Nous sommes peu touchés des projets de je ne sais quelle transformation qu’on paraît méditer. Certes nul ne place plus haut que nous l’autorité de M. le maréchal Soult en pareille matière ; mais nous sommes trop sincères pour ne pas avouer hautement que cette transformation ne nous a paru jusqu’ici qu’un moyen, fort ingénieux sans doute, d’obtenir des résultats analogues, tout en faisant quelque chose de différent, un moyen de ne pas perdre les bénéfices du 1er  mars, tout en donnant une vaine satisfaction à ses ennemis, à ces hommes qui lui font sans doute l’honneur de le croire bien vivant, car ce serait un goût trop ignoble que de s’acharner ainsi sur un mort. Nous craignons que ces changemens et ces transformations n’ajoutent à la fin quelques millions de plus à ces dépenses qui font aujourd’hui jeter de si hauts cris. Mais il serait téméraire à nous de préjuger des mesures que nous ne connaissons pas, et sur lesquelles, en tout cas, notre avis devrait s’éclairer au préalable de l’opinion des juges compétens.

Le ministère anglais s’est montré à l’intérieur, dans son intérêt personnel, ce qu’il a été, dans les questions extérieures, à l’égard de ses alliés : imprudent, téméraire, sacrifiant sans scrupule l’avenir à l’intérêt ou à la passion du moment.

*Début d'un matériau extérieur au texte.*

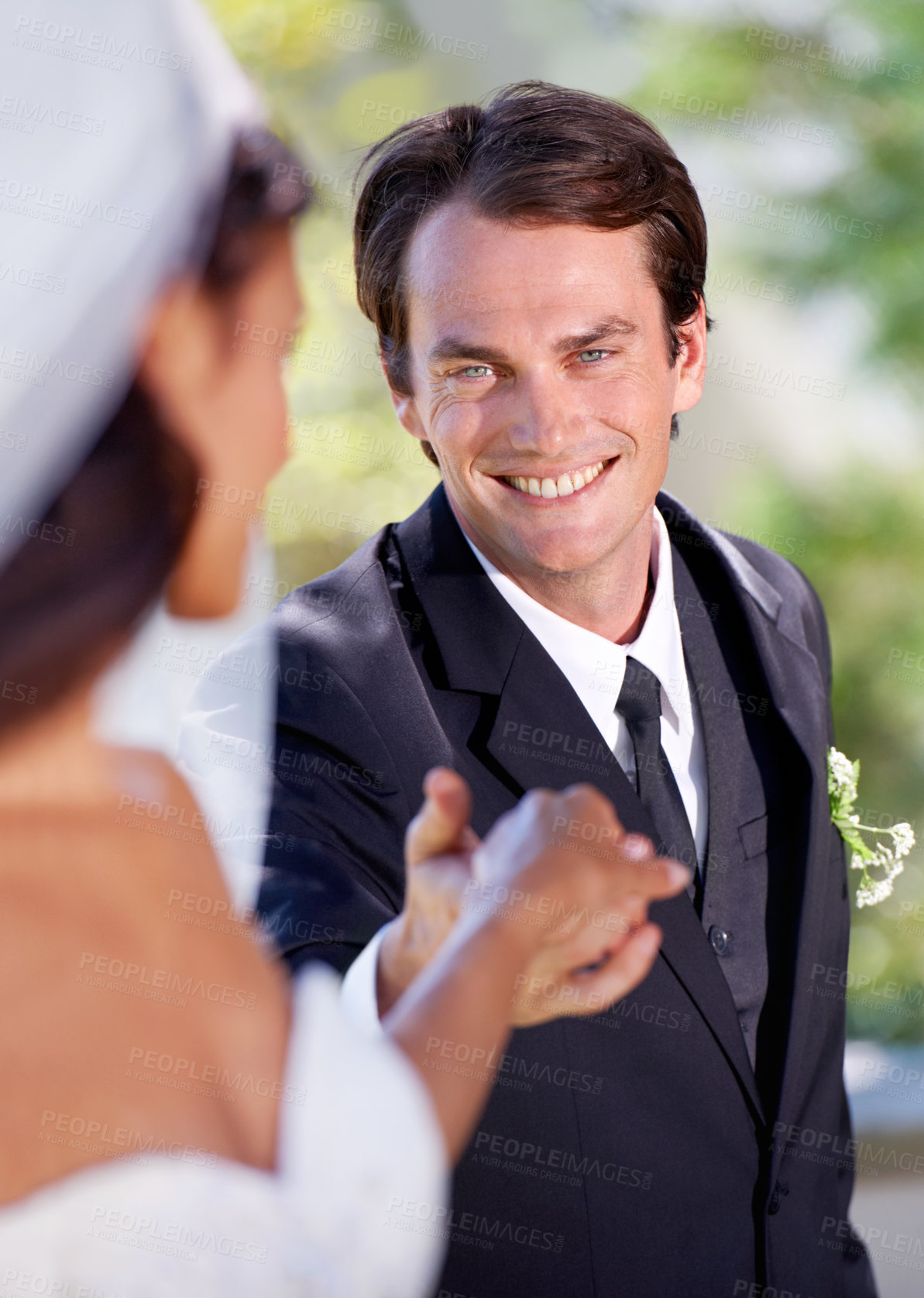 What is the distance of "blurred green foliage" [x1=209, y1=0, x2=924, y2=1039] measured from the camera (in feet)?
13.9

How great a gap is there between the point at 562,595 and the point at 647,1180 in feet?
2.41

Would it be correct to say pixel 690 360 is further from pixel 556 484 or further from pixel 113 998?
pixel 113 998

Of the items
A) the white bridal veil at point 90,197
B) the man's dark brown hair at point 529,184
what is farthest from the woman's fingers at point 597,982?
the man's dark brown hair at point 529,184

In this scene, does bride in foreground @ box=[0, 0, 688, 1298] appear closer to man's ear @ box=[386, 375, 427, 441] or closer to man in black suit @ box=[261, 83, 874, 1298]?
man in black suit @ box=[261, 83, 874, 1298]

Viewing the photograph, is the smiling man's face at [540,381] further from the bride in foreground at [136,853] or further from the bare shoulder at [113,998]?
the bare shoulder at [113,998]

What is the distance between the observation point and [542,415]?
1.43m

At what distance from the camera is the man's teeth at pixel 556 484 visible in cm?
147

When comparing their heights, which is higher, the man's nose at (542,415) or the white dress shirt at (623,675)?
the man's nose at (542,415)

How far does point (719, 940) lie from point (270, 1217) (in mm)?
909

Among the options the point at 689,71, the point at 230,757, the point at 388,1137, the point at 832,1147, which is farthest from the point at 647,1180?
the point at 689,71

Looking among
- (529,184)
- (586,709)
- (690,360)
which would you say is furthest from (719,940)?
(529,184)

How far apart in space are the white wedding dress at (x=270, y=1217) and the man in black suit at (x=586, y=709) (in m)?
0.46

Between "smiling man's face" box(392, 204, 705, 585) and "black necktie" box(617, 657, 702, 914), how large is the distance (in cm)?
18

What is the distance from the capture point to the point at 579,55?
486 cm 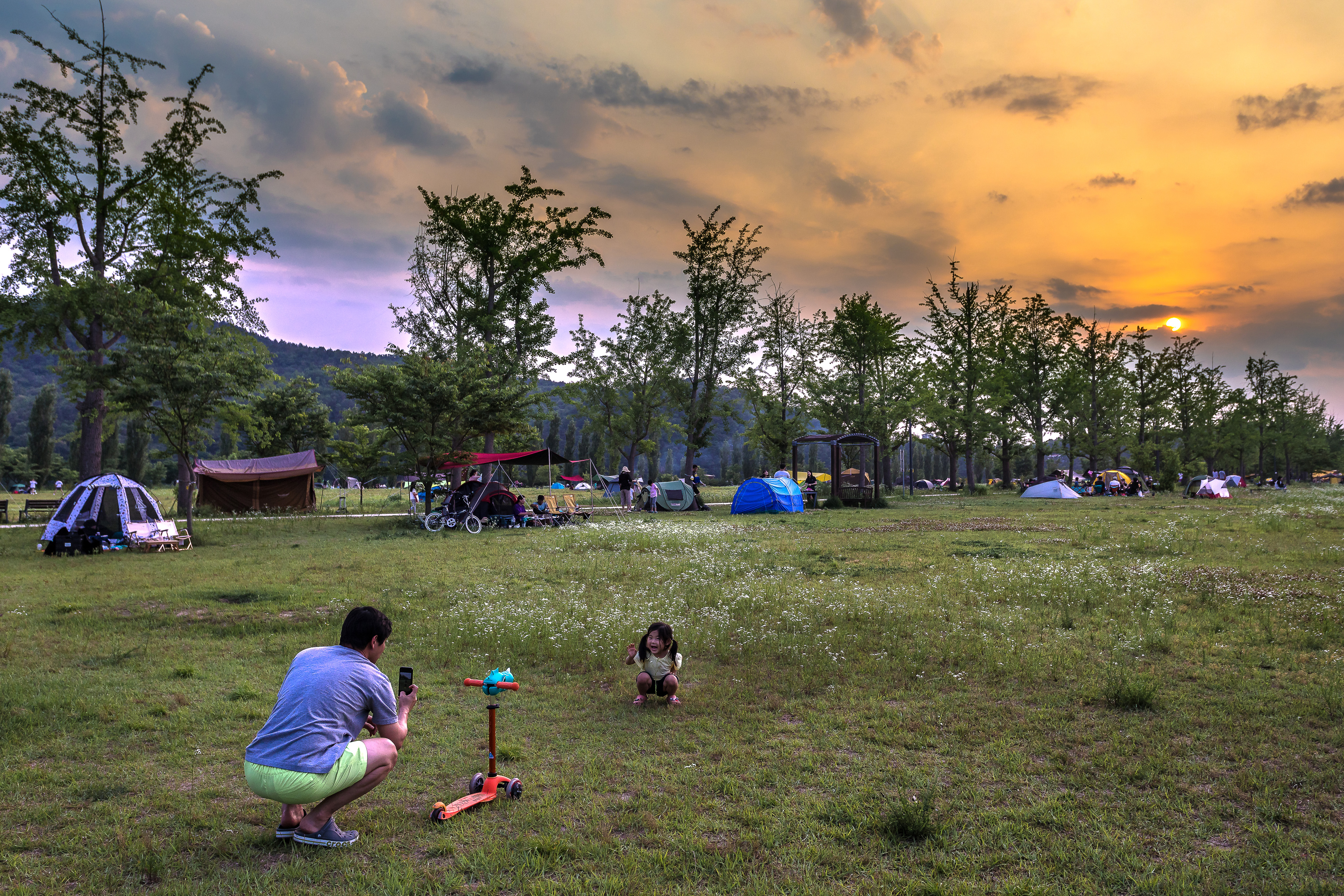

Nous ne faisons pas de vœux pour un ministère tory. Un ministère whig, un ministère libéral, modéré, progressif, aurait eu droit à toutes nos sympathies ; mais, quand une administration est dirigée par des esprits aussi peu mesurés que celui de lord Palmerston et par des caractères aussi faibles que celui de lord Melbourne, que nous importe en vérité la couleur générale du cabinet ?

Quoi qu’il en soit, c’est un singulier spectacle qu’un cabinet whig se faisant révolutionnaire pour vivre, ou du moins pour préparer à ses adversaires des jours difficiles, une vie agitée.

Expliquons-nous. Les mesures que le ministère a proposées sont justes et bonnes au fond. Elles sont de plus pour l’Angleterre une nécessité à laquelle elle ne pourra pas plus se soustraire qu’elle n’a pu éviter l’émancipation des catholiques.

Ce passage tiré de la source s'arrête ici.